En rentrant d’Espagne avec son frère Rodrigue dans la galère El Sol, il fut pris par des pirates berbères et emmené à Argel (Algérie), où on le retint captif pendant cinq ans (1575-1580) malgré de nombreuses tentatives d’évasion qui ne firent que rendre plus pénibles ses conditions de détention. Recueilli par les « Padres Redentoristas » (ordre religieux), il revint en Espagne pour mener une vie laborieuse, occupant divers emplois mineurs. Il se maria en 1584 avec Catalina de Salazar et se consacra de plus en plus à l’écriture.
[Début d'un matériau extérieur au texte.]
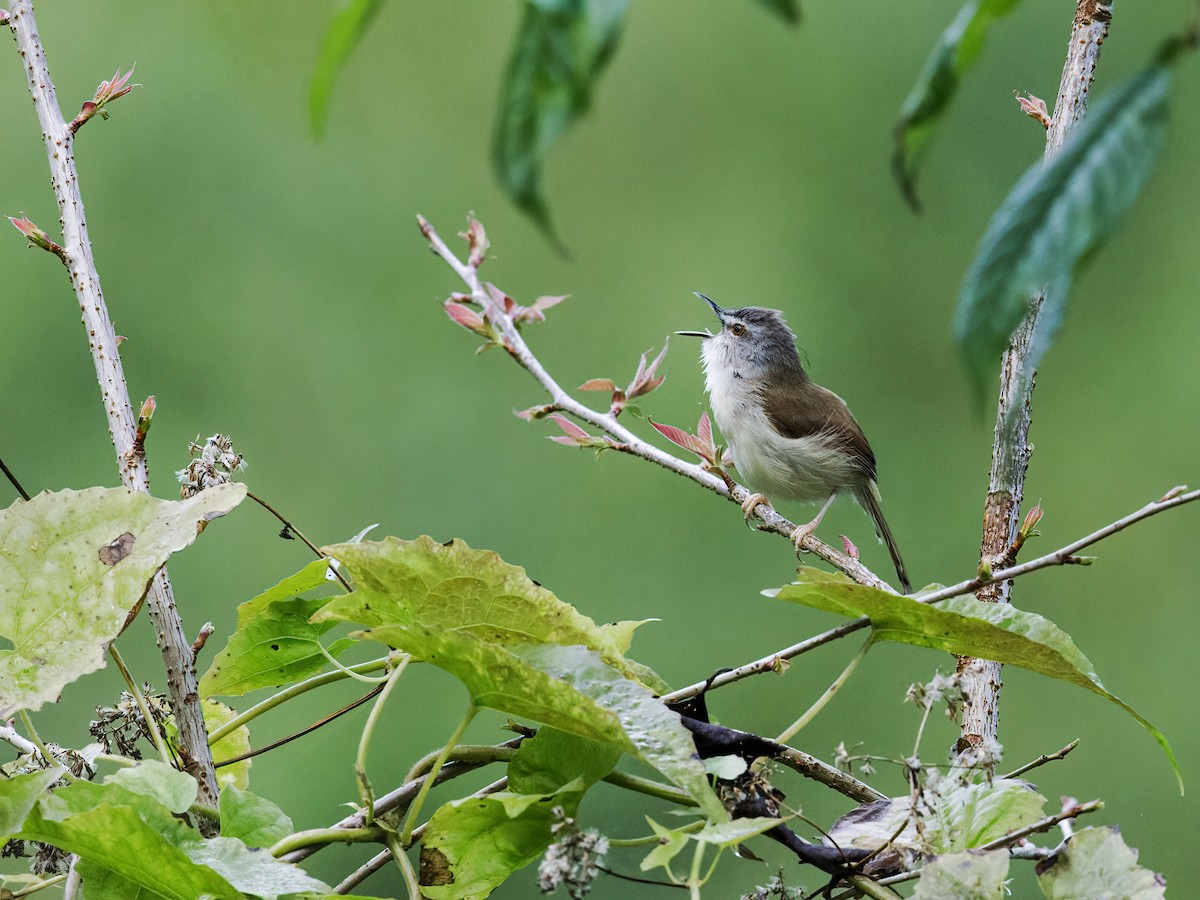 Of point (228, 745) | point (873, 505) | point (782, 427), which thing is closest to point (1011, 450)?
point (228, 745)

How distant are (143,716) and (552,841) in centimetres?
33

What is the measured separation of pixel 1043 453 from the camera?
706cm

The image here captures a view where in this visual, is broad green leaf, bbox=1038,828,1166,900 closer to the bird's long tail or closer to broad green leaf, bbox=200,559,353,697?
broad green leaf, bbox=200,559,353,697

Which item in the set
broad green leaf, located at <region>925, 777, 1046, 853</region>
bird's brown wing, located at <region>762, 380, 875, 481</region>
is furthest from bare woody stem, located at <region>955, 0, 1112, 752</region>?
bird's brown wing, located at <region>762, 380, 875, 481</region>

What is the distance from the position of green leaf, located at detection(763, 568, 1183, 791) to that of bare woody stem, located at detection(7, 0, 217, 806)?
1.35 ft

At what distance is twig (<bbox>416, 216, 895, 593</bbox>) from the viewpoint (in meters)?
1.47

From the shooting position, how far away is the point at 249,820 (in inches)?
29.5

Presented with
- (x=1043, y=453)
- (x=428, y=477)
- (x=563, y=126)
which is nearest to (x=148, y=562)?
(x=563, y=126)

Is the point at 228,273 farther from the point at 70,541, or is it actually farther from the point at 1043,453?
the point at 70,541

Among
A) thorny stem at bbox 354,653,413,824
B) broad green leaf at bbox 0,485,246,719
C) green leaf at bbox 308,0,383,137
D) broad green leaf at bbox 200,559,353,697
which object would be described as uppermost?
green leaf at bbox 308,0,383,137

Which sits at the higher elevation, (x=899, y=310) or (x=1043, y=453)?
(x=899, y=310)

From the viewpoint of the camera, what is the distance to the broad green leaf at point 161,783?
0.68m

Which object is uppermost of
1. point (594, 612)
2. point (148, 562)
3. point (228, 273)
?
point (228, 273)

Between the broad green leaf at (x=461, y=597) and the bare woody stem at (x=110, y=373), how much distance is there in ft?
0.59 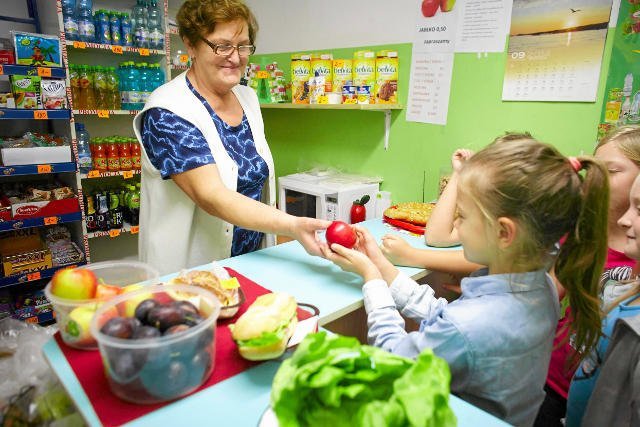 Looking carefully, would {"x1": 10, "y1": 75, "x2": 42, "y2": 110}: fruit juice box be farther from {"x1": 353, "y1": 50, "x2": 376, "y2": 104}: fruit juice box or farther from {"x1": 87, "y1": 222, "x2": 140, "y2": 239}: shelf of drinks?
{"x1": 353, "y1": 50, "x2": 376, "y2": 104}: fruit juice box

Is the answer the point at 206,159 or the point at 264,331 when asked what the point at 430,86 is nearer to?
the point at 206,159

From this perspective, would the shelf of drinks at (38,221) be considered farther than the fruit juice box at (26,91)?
Yes

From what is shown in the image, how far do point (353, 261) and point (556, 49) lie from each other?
1548 millimetres

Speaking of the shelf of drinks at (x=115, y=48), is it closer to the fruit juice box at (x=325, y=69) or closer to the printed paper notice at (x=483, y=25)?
the fruit juice box at (x=325, y=69)

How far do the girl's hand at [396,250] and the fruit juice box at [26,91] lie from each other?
2.28 m

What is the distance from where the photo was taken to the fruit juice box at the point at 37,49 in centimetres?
247

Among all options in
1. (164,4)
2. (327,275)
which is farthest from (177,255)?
(164,4)

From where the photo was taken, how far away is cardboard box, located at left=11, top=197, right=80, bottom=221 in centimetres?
261

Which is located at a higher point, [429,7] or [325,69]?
[429,7]

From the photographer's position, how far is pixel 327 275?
4.79ft

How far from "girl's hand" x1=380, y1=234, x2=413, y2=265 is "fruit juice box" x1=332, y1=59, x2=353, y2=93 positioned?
142 cm

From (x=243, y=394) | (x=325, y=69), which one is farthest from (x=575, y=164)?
(x=325, y=69)

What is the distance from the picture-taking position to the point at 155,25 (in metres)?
3.12

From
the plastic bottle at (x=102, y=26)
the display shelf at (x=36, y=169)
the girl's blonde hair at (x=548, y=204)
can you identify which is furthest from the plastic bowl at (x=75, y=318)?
the plastic bottle at (x=102, y=26) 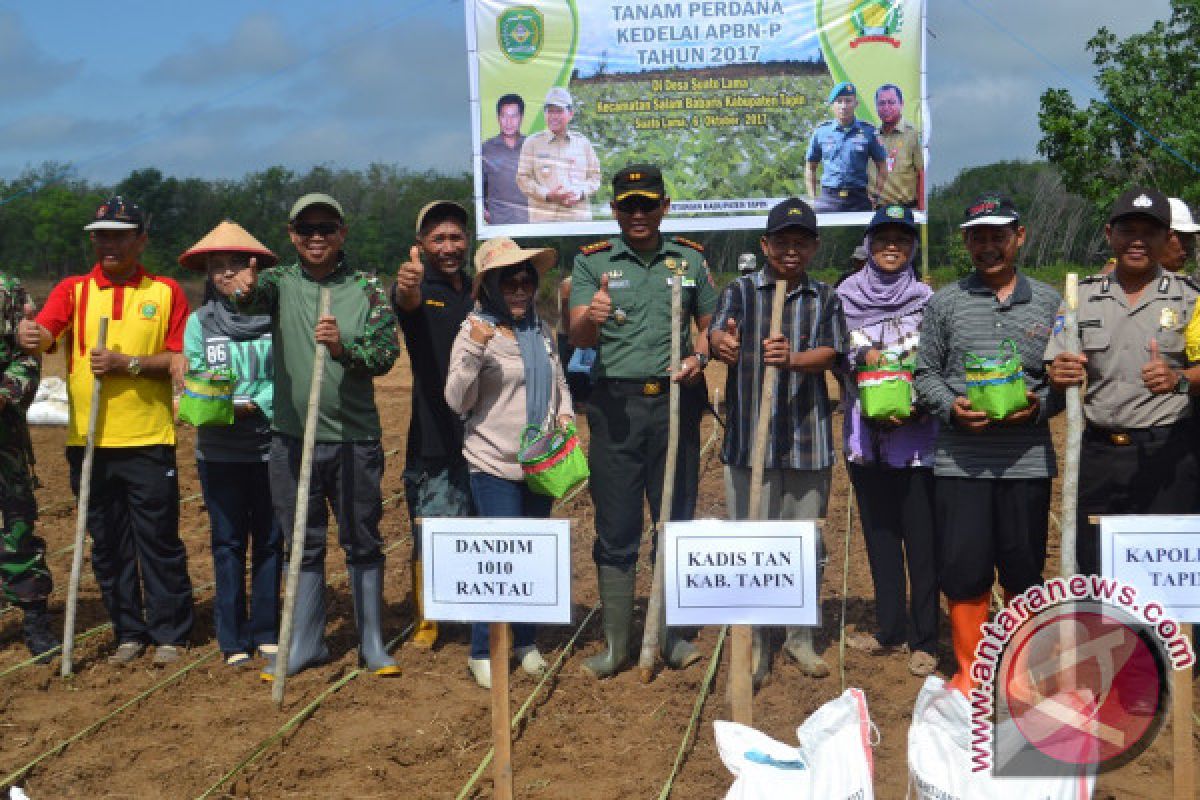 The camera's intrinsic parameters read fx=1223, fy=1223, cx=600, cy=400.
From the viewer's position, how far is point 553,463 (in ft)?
14.9

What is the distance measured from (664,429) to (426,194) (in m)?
45.1

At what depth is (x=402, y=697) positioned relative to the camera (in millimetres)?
4898

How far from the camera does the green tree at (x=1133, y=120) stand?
60.3 ft

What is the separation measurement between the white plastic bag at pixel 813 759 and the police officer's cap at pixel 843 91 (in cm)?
911

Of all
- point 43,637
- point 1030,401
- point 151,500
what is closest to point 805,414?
point 1030,401

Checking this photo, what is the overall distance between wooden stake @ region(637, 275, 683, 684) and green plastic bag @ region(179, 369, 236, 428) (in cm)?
178

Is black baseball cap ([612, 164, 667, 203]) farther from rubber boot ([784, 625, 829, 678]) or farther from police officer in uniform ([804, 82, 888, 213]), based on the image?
police officer in uniform ([804, 82, 888, 213])

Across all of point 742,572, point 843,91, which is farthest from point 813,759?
point 843,91

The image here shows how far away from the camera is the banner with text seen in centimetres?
1139

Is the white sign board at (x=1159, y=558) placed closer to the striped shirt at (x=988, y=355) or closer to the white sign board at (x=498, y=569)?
the striped shirt at (x=988, y=355)

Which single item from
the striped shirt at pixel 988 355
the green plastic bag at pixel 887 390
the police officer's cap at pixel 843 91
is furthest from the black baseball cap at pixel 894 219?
the police officer's cap at pixel 843 91

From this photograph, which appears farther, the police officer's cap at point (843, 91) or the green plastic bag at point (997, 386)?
the police officer's cap at point (843, 91)

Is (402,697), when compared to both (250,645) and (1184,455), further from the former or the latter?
(1184,455)

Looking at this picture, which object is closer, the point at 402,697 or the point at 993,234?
the point at 993,234
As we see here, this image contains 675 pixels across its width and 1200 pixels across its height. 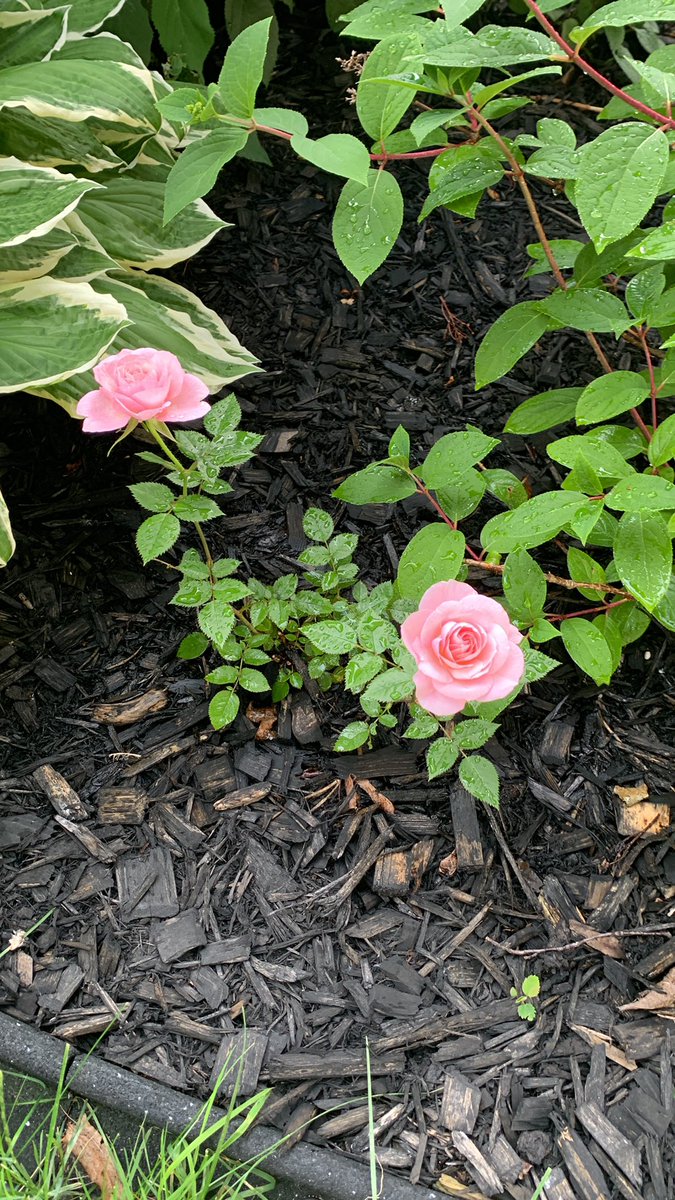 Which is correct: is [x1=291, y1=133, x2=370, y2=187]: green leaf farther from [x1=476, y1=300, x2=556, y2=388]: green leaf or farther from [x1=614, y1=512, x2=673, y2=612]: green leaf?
[x1=614, y1=512, x2=673, y2=612]: green leaf

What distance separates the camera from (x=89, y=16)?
1.82 m

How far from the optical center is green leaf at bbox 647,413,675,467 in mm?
1304

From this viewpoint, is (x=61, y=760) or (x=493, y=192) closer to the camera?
(x=61, y=760)

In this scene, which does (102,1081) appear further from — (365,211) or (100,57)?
(100,57)

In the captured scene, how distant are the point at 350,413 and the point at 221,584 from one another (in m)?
0.65

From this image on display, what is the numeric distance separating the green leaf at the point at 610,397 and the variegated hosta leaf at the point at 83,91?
34.6 inches

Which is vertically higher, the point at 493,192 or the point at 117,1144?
the point at 493,192

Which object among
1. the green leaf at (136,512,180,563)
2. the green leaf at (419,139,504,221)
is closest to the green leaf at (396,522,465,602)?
the green leaf at (136,512,180,563)

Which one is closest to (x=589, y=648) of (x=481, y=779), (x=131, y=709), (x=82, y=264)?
(x=481, y=779)

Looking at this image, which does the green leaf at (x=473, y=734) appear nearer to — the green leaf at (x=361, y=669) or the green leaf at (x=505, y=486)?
the green leaf at (x=361, y=669)

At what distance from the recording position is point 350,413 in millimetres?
2014

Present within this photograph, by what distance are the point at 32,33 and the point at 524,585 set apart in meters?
1.32

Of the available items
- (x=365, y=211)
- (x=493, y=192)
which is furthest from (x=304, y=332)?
(x=365, y=211)

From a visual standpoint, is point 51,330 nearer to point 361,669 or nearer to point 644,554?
point 361,669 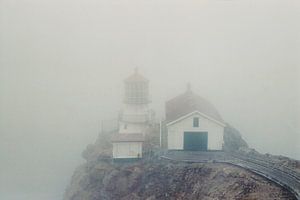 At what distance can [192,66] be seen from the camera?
2512 cm

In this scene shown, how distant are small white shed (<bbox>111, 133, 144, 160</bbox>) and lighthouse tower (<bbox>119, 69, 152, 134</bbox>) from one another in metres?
1.75

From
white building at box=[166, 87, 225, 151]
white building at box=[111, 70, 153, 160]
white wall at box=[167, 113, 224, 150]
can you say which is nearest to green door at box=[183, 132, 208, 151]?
white building at box=[166, 87, 225, 151]

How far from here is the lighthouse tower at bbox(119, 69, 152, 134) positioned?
1270 centimetres

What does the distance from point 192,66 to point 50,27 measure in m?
10.1

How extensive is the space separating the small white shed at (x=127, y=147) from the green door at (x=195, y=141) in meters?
1.37

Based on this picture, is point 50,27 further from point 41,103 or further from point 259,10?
point 259,10

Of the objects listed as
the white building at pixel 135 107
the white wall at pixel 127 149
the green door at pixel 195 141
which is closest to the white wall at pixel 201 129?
the green door at pixel 195 141

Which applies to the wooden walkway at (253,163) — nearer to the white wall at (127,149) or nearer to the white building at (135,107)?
the white wall at (127,149)

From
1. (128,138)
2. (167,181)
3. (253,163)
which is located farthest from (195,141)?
(253,163)

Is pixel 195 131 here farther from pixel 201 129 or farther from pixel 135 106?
pixel 135 106

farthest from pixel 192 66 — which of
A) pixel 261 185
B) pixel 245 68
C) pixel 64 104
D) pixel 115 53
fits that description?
pixel 261 185

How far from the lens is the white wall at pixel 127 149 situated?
10852 millimetres

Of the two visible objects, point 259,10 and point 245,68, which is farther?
point 245,68

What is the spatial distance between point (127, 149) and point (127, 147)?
0.06m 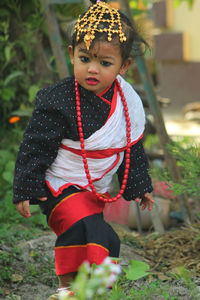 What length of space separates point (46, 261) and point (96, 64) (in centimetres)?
136

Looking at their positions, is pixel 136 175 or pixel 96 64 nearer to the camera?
pixel 96 64

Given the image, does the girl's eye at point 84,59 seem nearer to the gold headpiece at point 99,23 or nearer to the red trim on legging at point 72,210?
the gold headpiece at point 99,23

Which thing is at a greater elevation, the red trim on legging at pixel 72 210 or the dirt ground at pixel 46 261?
the red trim on legging at pixel 72 210

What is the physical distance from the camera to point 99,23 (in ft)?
8.19

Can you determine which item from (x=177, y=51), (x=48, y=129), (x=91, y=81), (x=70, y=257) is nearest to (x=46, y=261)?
(x=70, y=257)

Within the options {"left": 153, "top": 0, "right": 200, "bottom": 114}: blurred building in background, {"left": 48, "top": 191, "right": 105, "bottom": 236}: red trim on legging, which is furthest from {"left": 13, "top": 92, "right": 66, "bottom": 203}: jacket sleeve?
{"left": 153, "top": 0, "right": 200, "bottom": 114}: blurred building in background

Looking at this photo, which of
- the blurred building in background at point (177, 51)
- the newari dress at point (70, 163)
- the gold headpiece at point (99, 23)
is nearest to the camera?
the gold headpiece at point (99, 23)

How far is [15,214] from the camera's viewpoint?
4.00m

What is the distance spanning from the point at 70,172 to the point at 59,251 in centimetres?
38

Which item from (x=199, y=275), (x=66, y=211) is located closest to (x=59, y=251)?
(x=66, y=211)

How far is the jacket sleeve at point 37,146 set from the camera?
2.56 m

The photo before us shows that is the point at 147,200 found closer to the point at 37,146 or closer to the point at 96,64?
the point at 37,146

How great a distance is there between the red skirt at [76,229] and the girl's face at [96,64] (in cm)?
53

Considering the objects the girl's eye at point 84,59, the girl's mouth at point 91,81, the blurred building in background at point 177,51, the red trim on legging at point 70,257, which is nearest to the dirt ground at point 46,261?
the red trim on legging at point 70,257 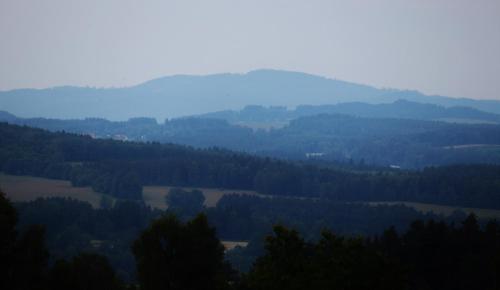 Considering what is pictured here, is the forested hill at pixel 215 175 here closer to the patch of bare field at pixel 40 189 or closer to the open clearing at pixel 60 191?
the open clearing at pixel 60 191

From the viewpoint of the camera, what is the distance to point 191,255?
37.4 meters

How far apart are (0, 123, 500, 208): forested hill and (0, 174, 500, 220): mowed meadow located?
231cm

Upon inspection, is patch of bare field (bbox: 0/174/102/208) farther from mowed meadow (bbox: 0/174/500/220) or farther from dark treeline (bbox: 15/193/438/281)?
dark treeline (bbox: 15/193/438/281)

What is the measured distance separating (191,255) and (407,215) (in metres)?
76.6

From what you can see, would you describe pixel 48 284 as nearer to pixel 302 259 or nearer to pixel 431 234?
pixel 302 259

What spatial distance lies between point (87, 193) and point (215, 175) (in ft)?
90.9

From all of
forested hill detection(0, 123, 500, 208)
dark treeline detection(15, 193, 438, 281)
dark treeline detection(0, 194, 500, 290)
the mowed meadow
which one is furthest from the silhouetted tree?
forested hill detection(0, 123, 500, 208)

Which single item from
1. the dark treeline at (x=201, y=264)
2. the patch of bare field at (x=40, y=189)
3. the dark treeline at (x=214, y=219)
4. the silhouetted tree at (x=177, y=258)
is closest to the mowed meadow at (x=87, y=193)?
the patch of bare field at (x=40, y=189)

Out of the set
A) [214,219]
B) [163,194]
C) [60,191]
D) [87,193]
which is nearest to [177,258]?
[214,219]

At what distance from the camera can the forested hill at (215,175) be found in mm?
128375

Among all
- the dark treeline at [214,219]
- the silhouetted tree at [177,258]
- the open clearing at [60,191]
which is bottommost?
the dark treeline at [214,219]

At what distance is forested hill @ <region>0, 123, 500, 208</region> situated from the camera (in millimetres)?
128375

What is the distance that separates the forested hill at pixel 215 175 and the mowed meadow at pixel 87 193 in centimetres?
231

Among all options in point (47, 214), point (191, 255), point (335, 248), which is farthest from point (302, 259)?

Il publia en 1585 sa première œuvre, un roman pastoral La Galatea écrit dans les années 1581 à 1583. La Galatea est censée représenter plusieurs comédies, mais seule la première fut écrite et publiée. Elle n’en reste pas moins une œuvre remarquable. En 1587 il obtint à Séville un emploi dans le ravitaillement de l’Invincible Armada, ce qui l’amena à réfléchir amèrement sur la condition militaire. Ne pouvant obtenir dans les Indes la place ou la charge qu’il sollicitait, sans parler de l’impossibilité de récupérer les soldes qu’on lui devait, il se trouva dans une situation très difficile vers 1590.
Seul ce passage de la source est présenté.